:: TASK DESCRIPTION ::
Print exactly the lines of the listing below from the one containing "Printed Design Light" through the final line, both included, and no pictures.

:: MATERIAL PROVIDED ::
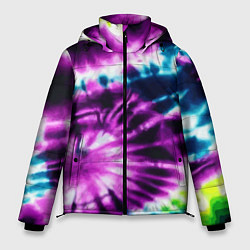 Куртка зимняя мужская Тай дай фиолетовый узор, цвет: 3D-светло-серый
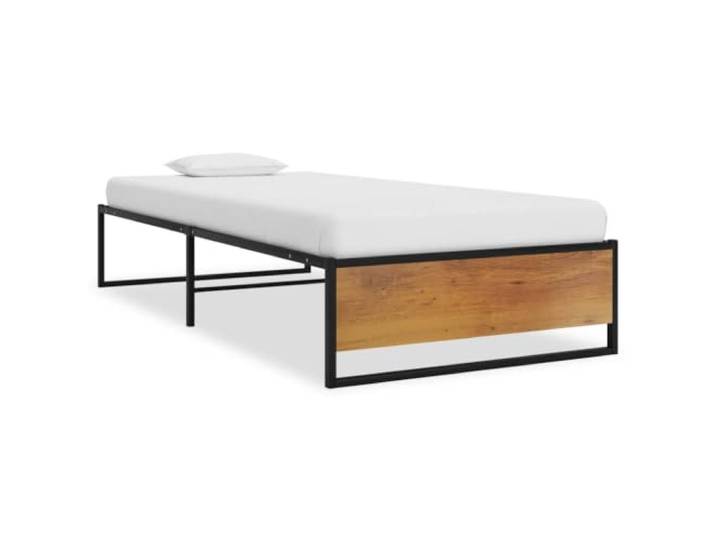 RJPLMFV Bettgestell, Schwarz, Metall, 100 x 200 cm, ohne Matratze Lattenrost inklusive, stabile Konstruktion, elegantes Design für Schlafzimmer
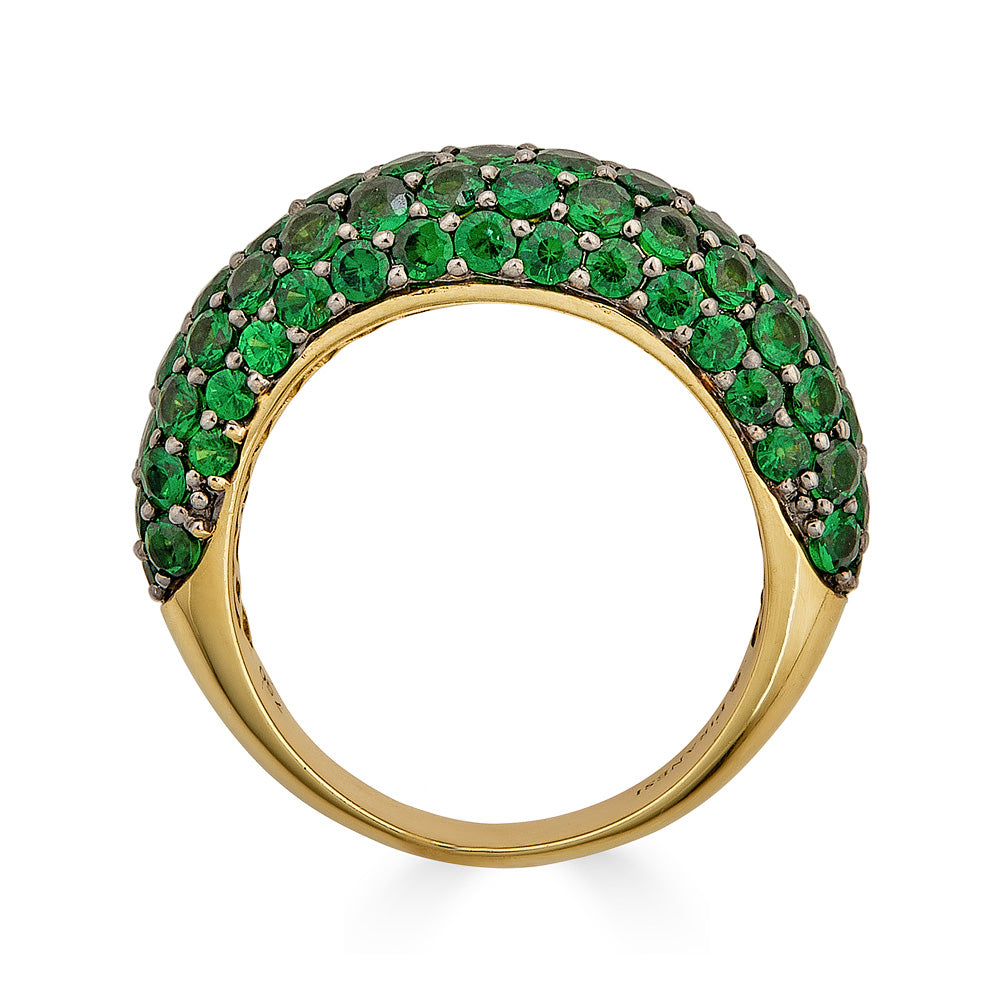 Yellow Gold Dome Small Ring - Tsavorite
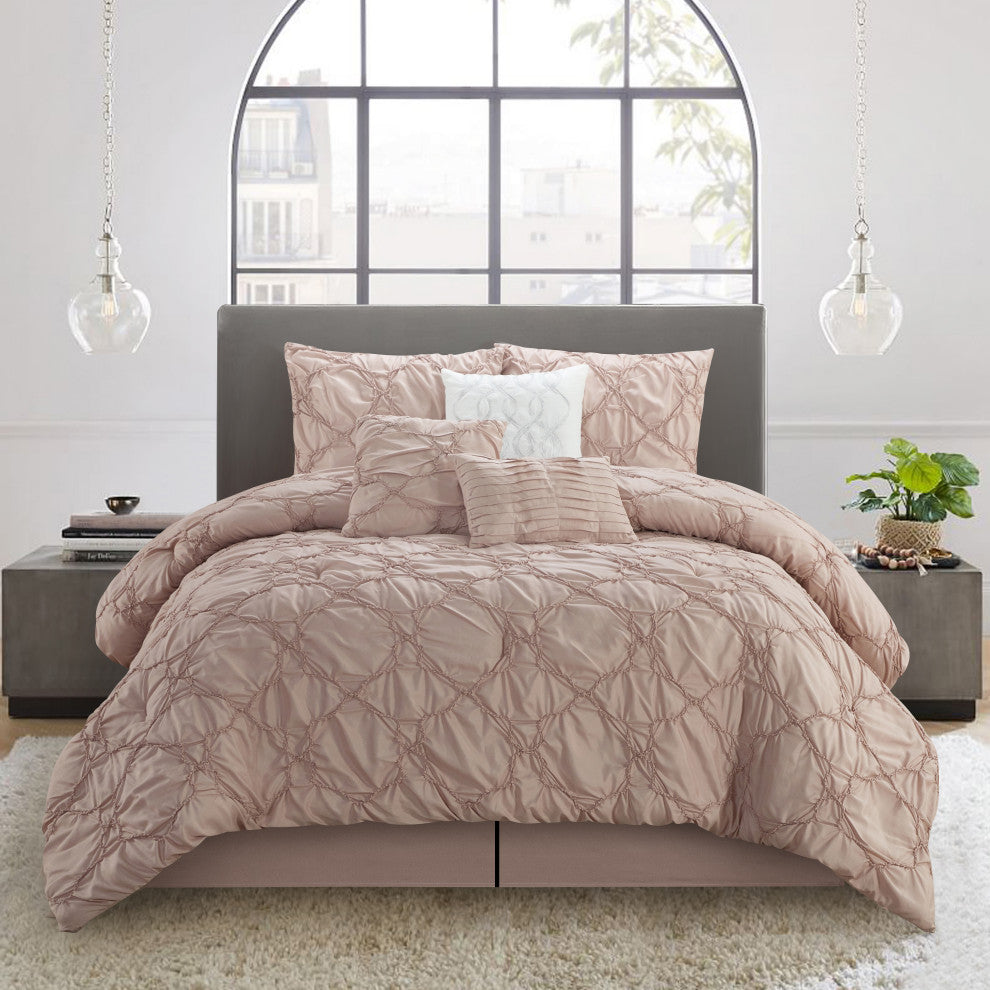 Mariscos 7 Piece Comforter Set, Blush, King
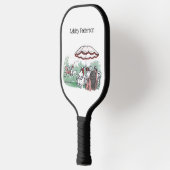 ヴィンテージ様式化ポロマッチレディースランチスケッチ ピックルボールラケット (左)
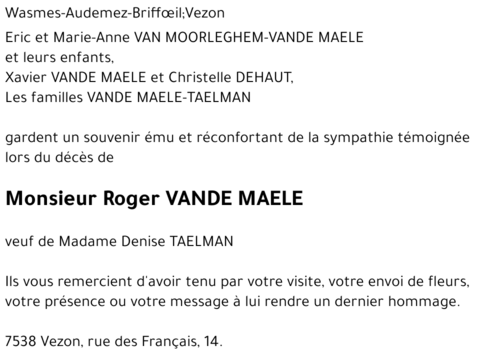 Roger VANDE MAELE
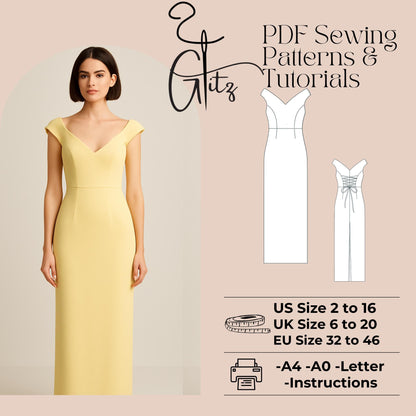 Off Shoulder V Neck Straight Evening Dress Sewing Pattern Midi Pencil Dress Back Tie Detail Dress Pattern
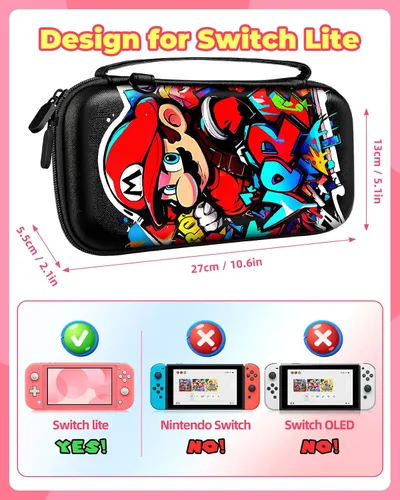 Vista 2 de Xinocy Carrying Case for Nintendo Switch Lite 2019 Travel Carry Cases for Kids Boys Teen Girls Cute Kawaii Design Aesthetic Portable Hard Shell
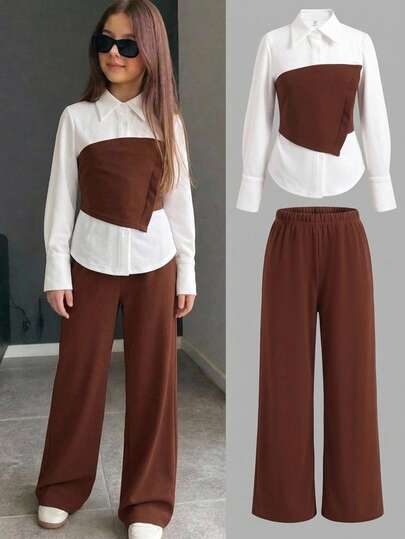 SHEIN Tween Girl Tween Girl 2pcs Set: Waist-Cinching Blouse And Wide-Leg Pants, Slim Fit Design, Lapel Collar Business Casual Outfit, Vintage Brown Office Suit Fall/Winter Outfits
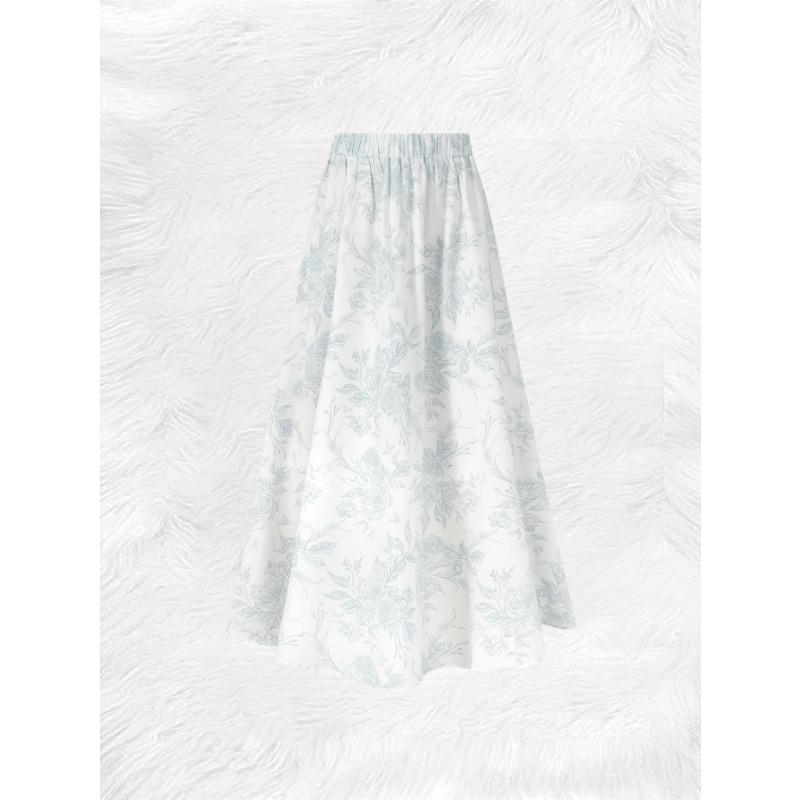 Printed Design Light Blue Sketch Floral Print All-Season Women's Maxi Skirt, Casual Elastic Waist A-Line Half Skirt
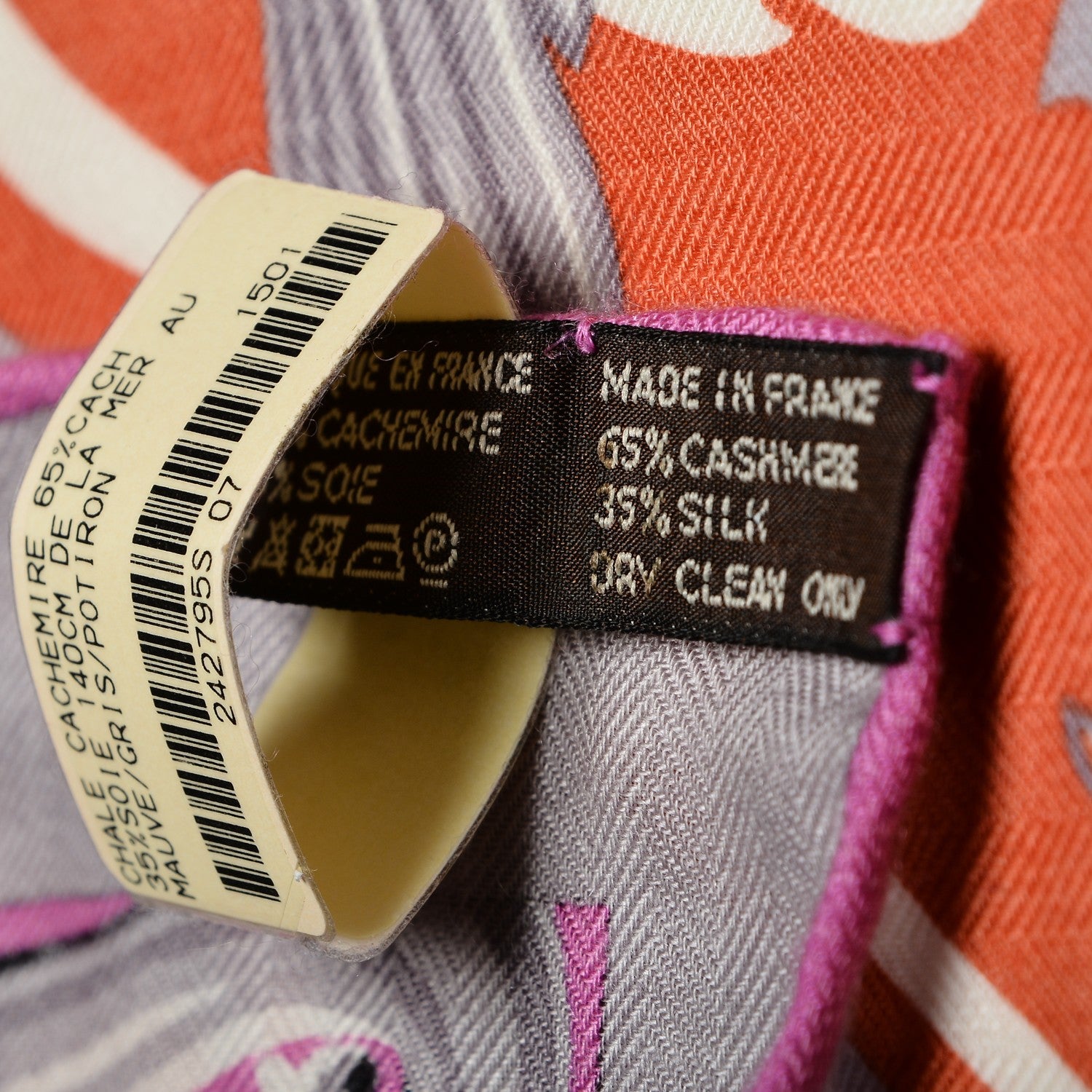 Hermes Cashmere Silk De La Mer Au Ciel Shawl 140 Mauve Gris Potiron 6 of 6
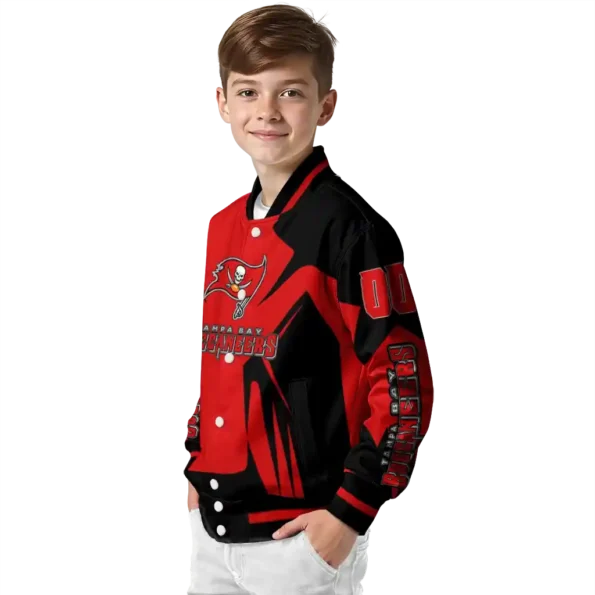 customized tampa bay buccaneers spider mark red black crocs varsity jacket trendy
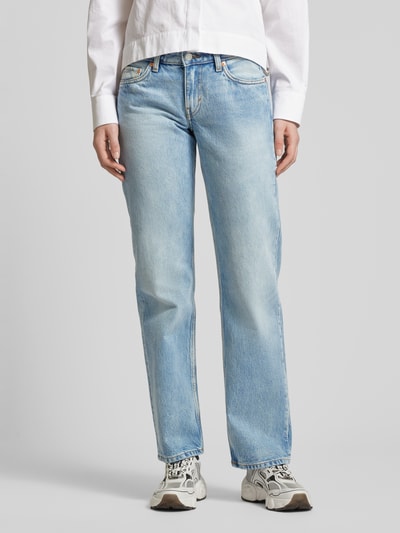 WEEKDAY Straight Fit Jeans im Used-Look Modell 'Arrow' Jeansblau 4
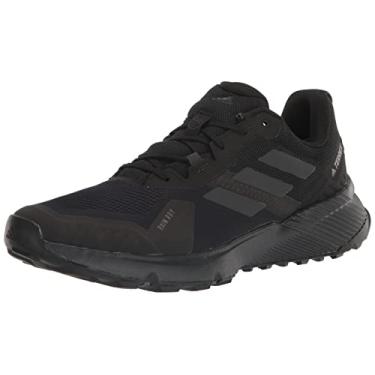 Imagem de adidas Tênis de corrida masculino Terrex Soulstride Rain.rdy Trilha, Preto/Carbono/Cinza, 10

:: OUTPUT FOR THIS EXERCISE ::
 Printed Design Light Blue Sketch Floral Print All-Season Women's Maxi Skirt, Casual Elastic Waist A-Line Half Skirt
 Hermes Cashmere Silk De La Mer Au Ciel Shawl 140 Mauve Gris Potiron 6 of 6
 customized tampa bay buccaneers spider mark red black crocs varsity jacket trendy
 WEEKDAY Straight Fit Jeans im Used-Look Modell 'Arrow' Jeansblau 4
 Imagem de adidas Tênis de corrida masculino Terrex Soulstride Rain.rdy Trilha, Preto/Carbono/Cinza, 10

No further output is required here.